--- START ---

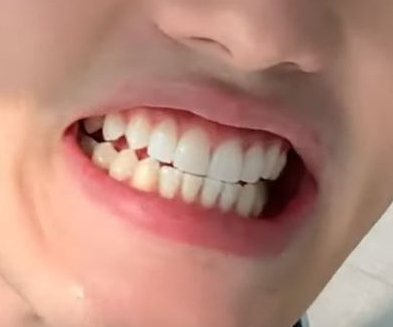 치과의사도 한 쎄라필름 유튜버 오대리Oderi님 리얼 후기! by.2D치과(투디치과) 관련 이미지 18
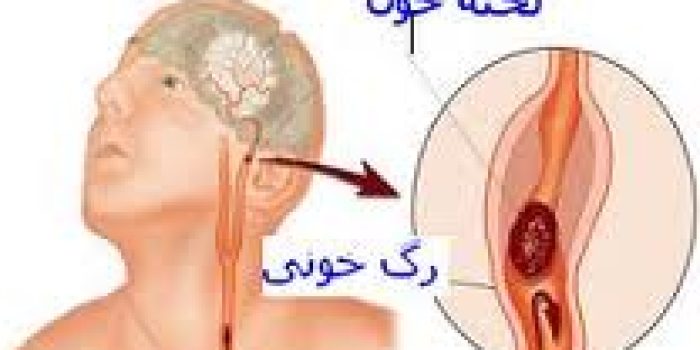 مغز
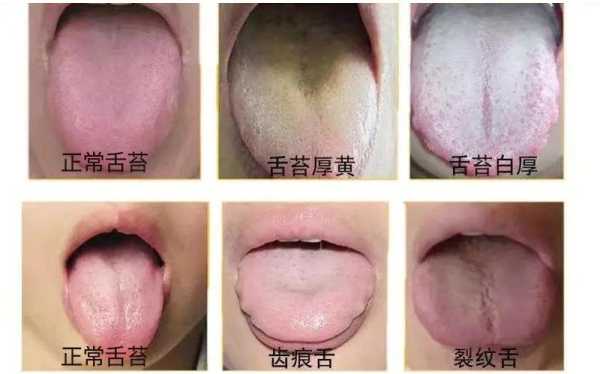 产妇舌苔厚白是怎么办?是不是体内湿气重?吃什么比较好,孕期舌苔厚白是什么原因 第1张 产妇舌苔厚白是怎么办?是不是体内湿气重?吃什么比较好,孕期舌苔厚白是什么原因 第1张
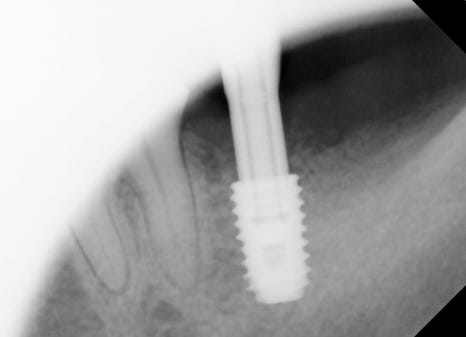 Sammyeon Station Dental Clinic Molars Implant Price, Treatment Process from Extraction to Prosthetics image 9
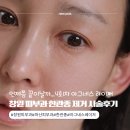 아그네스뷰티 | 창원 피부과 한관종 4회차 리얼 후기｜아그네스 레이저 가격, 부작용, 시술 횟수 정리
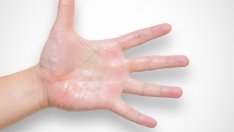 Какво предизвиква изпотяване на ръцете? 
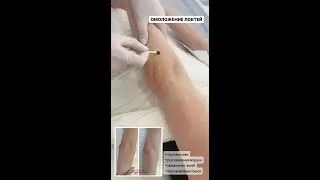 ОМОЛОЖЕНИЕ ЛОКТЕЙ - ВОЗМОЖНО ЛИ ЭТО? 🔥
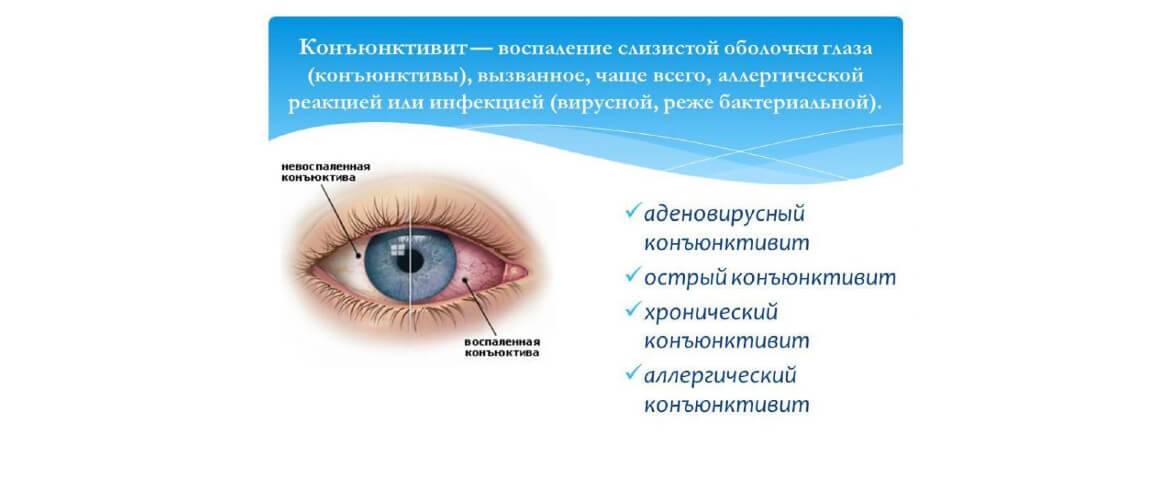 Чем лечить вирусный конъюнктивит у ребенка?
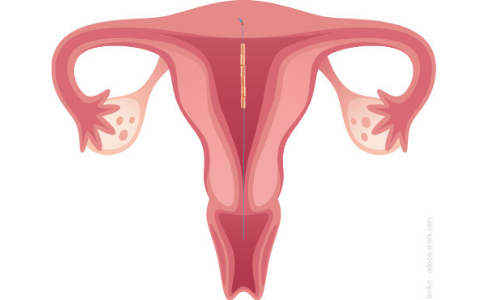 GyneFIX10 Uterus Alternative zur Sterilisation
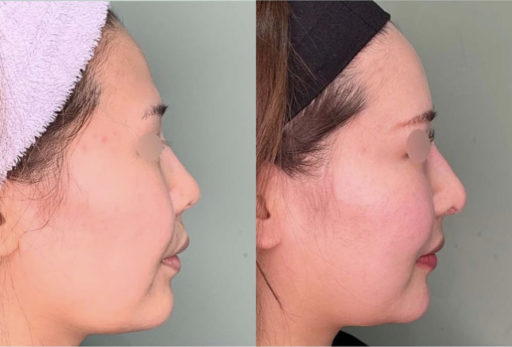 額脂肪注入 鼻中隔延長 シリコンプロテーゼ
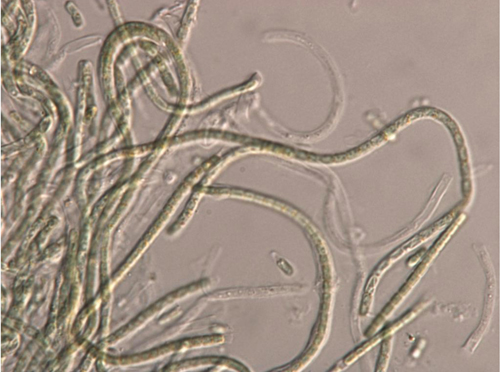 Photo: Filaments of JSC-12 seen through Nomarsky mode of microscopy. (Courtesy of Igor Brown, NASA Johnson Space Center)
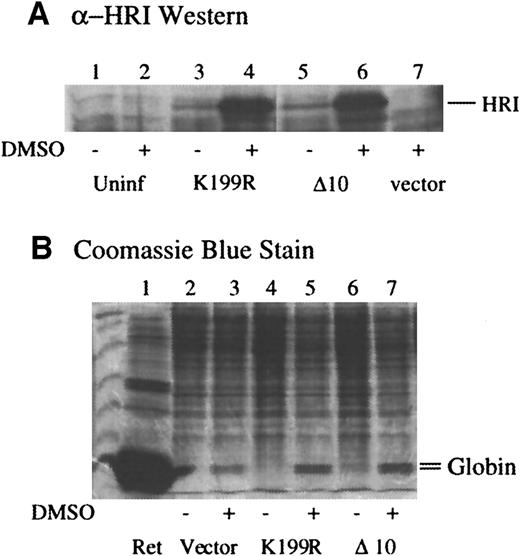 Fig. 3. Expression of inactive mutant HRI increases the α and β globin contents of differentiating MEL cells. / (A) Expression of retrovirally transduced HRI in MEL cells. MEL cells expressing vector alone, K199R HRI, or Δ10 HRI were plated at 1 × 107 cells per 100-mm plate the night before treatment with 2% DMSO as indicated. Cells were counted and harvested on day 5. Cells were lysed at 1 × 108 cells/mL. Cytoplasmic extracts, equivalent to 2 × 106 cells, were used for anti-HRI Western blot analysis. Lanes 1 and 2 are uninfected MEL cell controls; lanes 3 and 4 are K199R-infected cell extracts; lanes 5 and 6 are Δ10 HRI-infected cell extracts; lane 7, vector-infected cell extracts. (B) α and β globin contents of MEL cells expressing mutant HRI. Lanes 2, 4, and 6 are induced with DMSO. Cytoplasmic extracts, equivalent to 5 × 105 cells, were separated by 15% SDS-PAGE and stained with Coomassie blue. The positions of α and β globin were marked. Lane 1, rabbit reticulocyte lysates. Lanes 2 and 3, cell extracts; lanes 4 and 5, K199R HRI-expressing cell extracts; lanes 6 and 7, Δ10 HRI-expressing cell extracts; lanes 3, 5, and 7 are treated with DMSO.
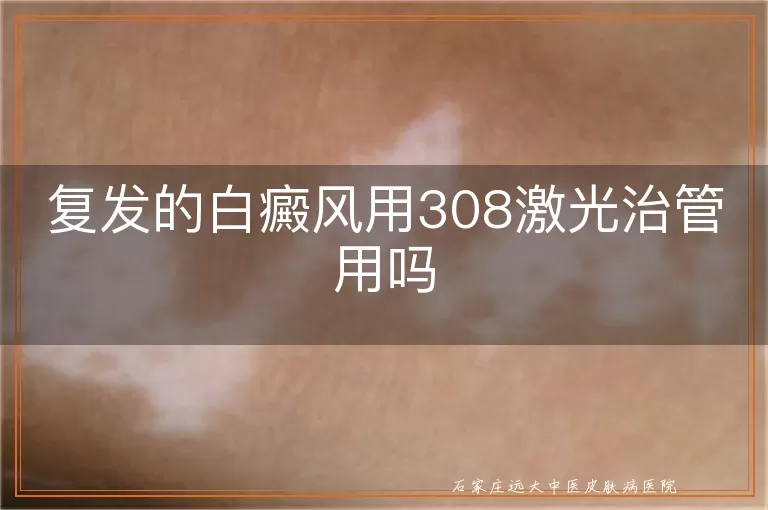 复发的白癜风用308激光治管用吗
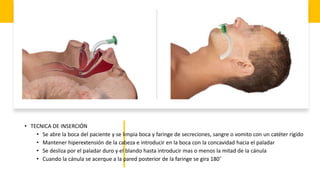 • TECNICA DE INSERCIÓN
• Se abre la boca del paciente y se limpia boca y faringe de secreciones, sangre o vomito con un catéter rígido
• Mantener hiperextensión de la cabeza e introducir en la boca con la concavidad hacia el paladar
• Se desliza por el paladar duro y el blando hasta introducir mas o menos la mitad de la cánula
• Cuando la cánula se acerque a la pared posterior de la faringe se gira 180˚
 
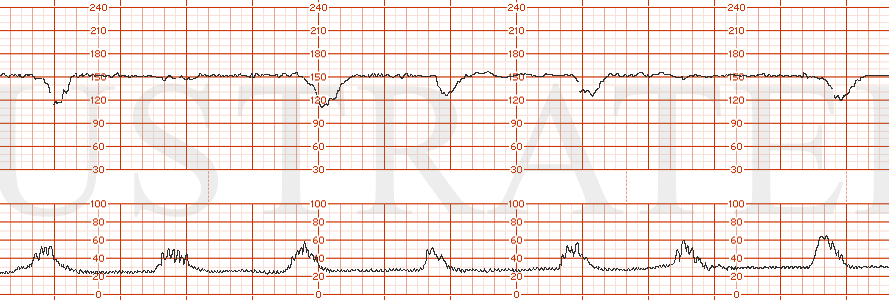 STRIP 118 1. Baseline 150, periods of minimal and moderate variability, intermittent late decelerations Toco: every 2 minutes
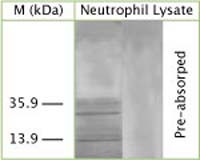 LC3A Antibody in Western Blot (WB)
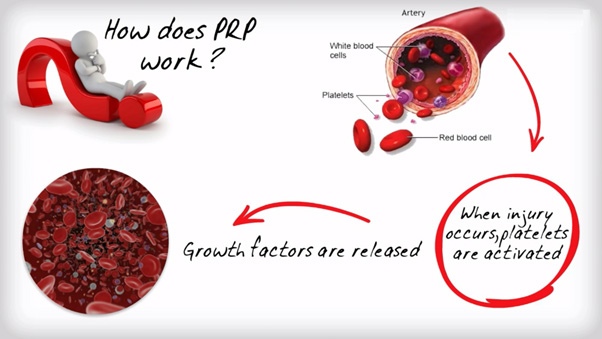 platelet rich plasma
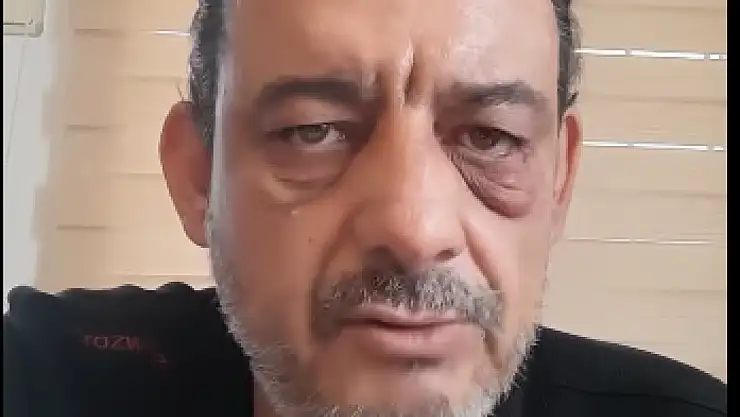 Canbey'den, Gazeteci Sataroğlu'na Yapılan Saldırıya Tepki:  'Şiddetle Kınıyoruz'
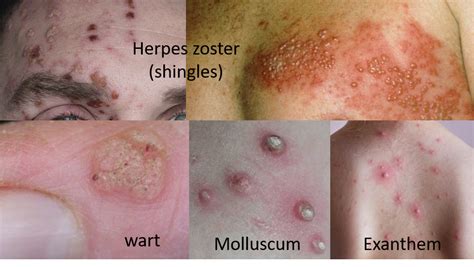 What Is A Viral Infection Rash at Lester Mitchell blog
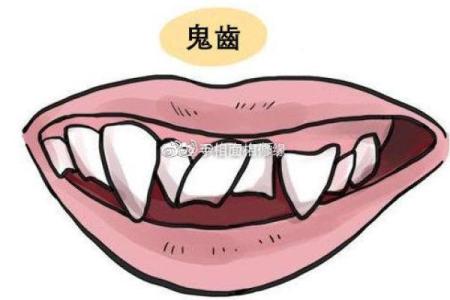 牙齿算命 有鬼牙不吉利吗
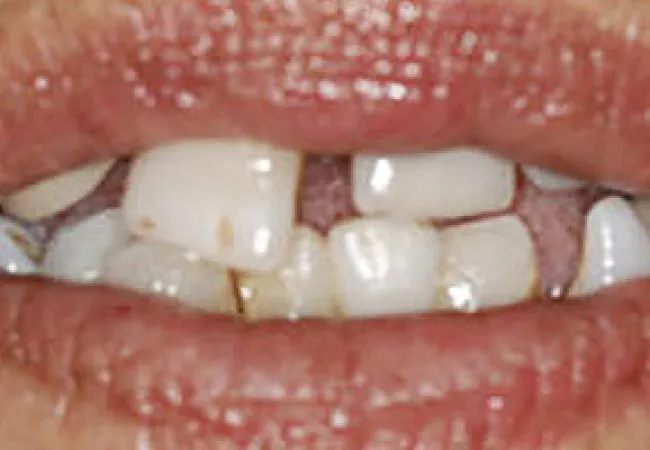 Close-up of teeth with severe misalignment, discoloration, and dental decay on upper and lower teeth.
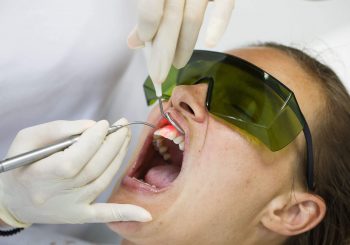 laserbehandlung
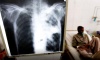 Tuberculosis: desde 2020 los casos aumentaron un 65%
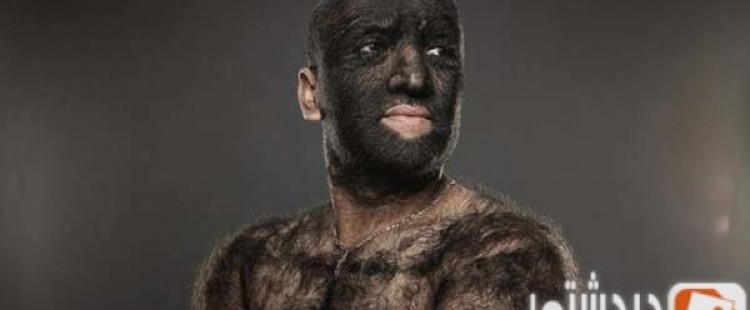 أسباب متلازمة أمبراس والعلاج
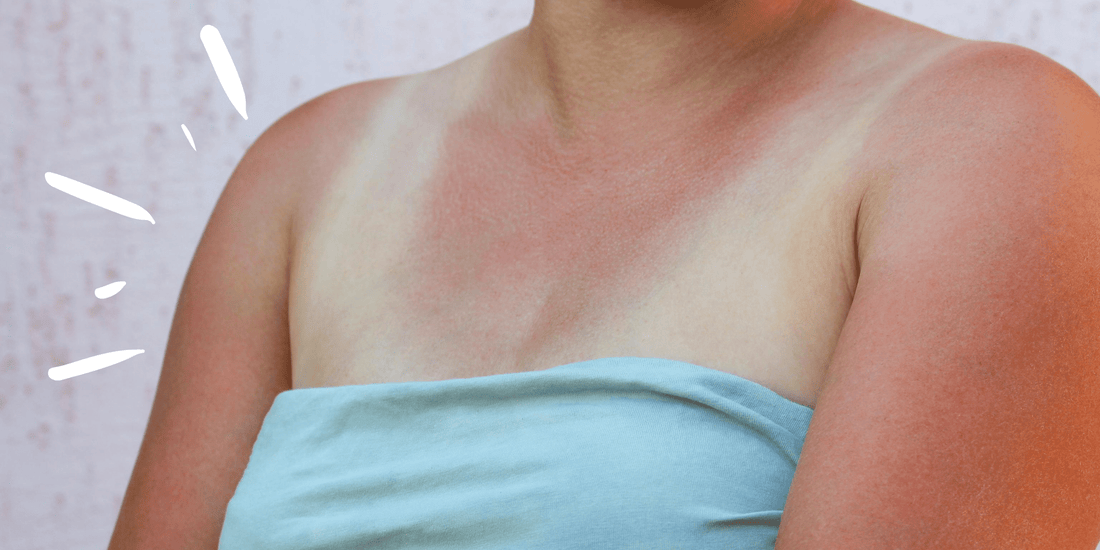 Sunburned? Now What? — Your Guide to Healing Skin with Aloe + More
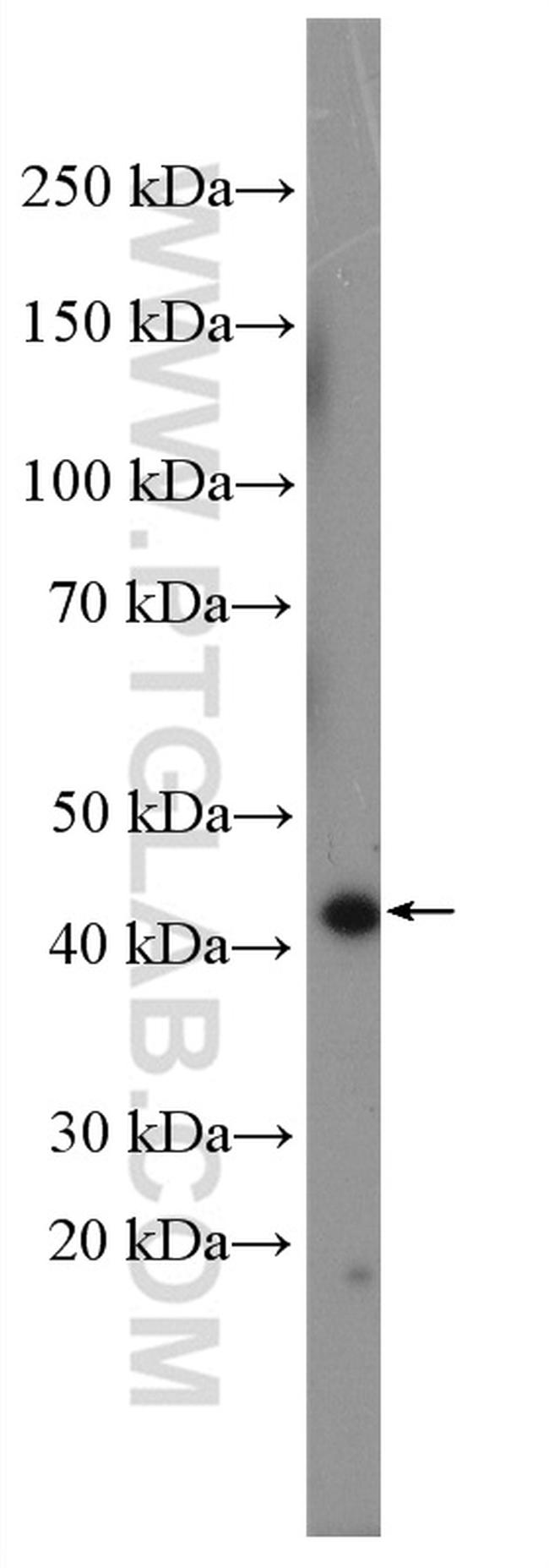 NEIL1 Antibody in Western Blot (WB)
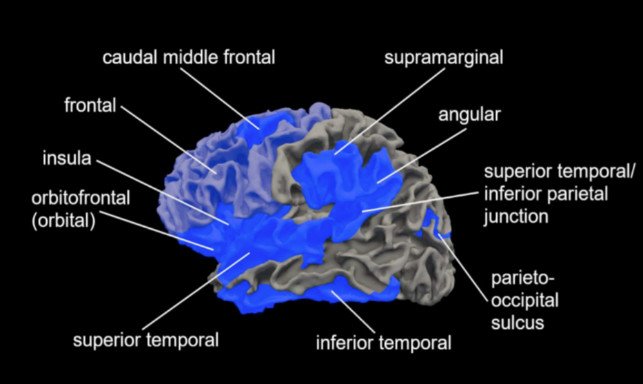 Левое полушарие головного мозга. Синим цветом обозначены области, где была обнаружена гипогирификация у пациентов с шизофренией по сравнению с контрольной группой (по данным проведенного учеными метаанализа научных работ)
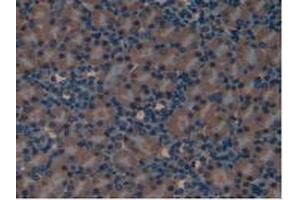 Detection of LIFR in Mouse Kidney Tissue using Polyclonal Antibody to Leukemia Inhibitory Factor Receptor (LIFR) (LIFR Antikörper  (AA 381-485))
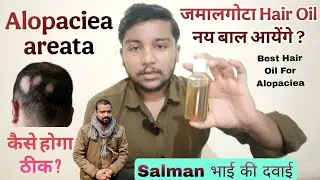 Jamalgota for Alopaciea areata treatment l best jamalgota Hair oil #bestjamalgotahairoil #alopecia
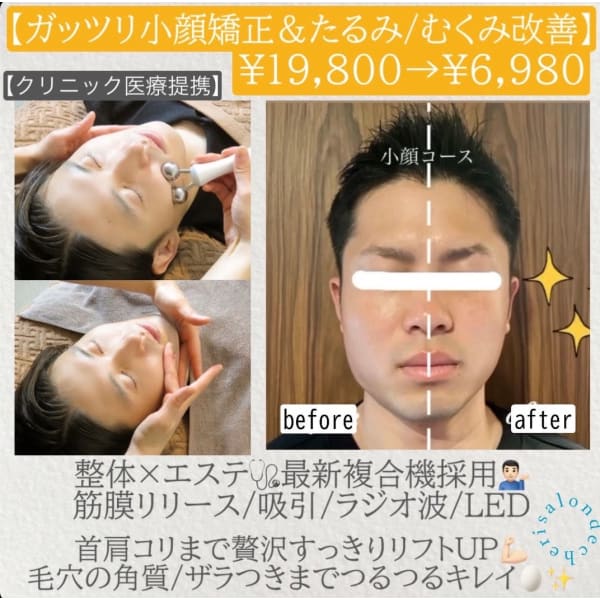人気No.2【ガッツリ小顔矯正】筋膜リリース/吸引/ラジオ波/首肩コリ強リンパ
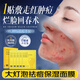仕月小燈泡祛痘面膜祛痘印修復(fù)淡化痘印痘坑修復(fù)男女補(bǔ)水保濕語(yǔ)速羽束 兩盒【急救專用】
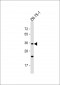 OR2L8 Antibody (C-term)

--- END ---

# [What you need to do]
With the pictures left out, write out all of the data exactly.

# [Response for this exercise]
 치과의사도 한 쎄라필름 유튜버 오대리Oderi님 리얼 후기! by.2D치과(투디치과) 관련 이미지 18
 مغز
 产妇舌苔厚白是怎么办?是不是体内湿气重?吃什么比较好,孕期舌苔厚白是什么原因 第1张 产妇舌苔厚白是怎么办?是不是体内湿气重?吃什么比较好,孕期舌苔厚白是什么原因 第1张
 Sammyeon Station Dental Clinic Molars Implant Price, Treatment Process from Extraction to Prosthetics image 9
 아그네스뷰티 | 창원 피부과 한관종 4회차 리얼 후기｜아그네스 레이저 가격, 부작용, 시술 횟수 정리
 Какво предизвиква изпотяване на ръцете? 
 ОМОЛОЖЕНИЕ ЛОКТЕЙ - ВОЗМОЖНО ЛИ ЭТО? 🔥
 Чем лечить вирусный конъюнктивит у ребенка?
 GyneFIX10 Uterus Alternative zur Sterilisation
 額脂肪注入 鼻中隔延長 シリコンプロテーゼ
 Photo: Filaments of JSC-12 seen through Nomarsky mode of microscopy. (Courtesy of Igor Brown, NASA Johnson Space Center)
 Fig. 3. Expression of inactive mutant HRI increases the α and β globin contents of differentiating MEL cells. / (A) Expression of retrovirally transduced HRI in MEL cells. MEL cells expressing vector alone, K199R HRI, or Δ10 HRI were plated at 1 × 107 cells per 100-mm plate the night before treatment with 2% DMSO as indicated. Cells were counted and harvested on day 5. Cells were lysed at 1 × 108 cells/mL. Cytoplasmic extracts, equivalent to 2 × 106 cells, were used for anti-HRI Western blot analysis. Lanes 1 and 2 are uninfected MEL cell controls; lanes 3 and 4 are K199R-infected cell extracts; lanes 5 and 6 are Δ10 HRI-infected cell extracts; lane 7, vector-infected cell extracts. (B) α and β globin contents of MEL cells expressing mutant HRI. Lanes 2, 4, and 6 are induced with DMSO. Cytoplasmic extracts, equivalent to 5 × 105 cells, were separated by 15% SDS-PAGE and stained with Coomassie blue. The positions of α and β globin were marked. Lane 1, rabbit reticulocyte lysates. Lanes 2 and 3, cell extracts; lanes 4 and 5, K199R HRI-expressing cell extracts; lanes 6 and 7, Δ10 HRI-expressing cell extracts; lanes 3, 5, and 7 are treated with DMSO.
 复发的白癜风用308激光治管用吗
 • TECNICA DE INSERCIÓN
• Se abre la boca del paciente y se limpia boca y faringe de secreciones, sangre o vomito con un catéter rígido
• Mantener hiperextensión de la cabeza e introducir en la boca con la concavidad hacia el paladar
• Se desliza por el paladar duro y el blando hasta introducir mas o menos la mitad de la cánula
• Cuando la cánula se acerque a la pared posterior de la faringe se gira 180˚
 
 STRIP 118 1. Baseline 150, periods of minimal and moderate variability, intermittent late decelerations Toco: every 2 minutes
 LC3A Antibody in Western Blot (WB)
 platelet rich plasma
 Canbey'den, Gazeteci Sataroğlu'na Yapılan Saldırıya Tepki:  'Şiddetle Kınıyoruz'
 What Is A Viral Infection Rash at Lester Mitchell blog
 牙齿算命 有鬼牙不吉利吗
 Close-up of teeth with severe misalignment, discoloration, and dental decay on upper and lower teeth.
 laserbehandlung
 Tuberculosis: desde 2020 los casos aumentaron un 65%
 أسباب متلازمة أمبراس والعلاج
 Sunburned? Now What? — Your Guide to Healing Skin with Aloe + More
 NEIL1 Antibody in Western Blot (WB)
 Левое полушарие головного мозга. Синим цветом обозначены области, где была обнаружена гипогирификация у пациентов с шизофренией по сравнению с контрольной группой (по данным проведенного учеными метаанализа научных работ)
 Detection of LIFR in Mouse Kidney Tissue using Polyclonal Antibody to Leukemia Inhibitory Factor Receptor (LIFR) (LIFR Antikörper  (AA 381-485))
 Jamalgota for Alopaciea areata treatment l best jamalgota Hair oil #bestjamalgotahairoil #alopecia
人気No.2【ガッツリ小顔矯正】筋膜リリース/吸引/ラジオ波/首肩コリ強リンパ
仕月小燈泡祛痘面膜祛痘印修復(fù)淡化痘印痘坑修復(fù)男女補(bǔ)水保濕語(yǔ)速羽束 兩盒【急救專用】
 OR2L8 Antibody (C-term)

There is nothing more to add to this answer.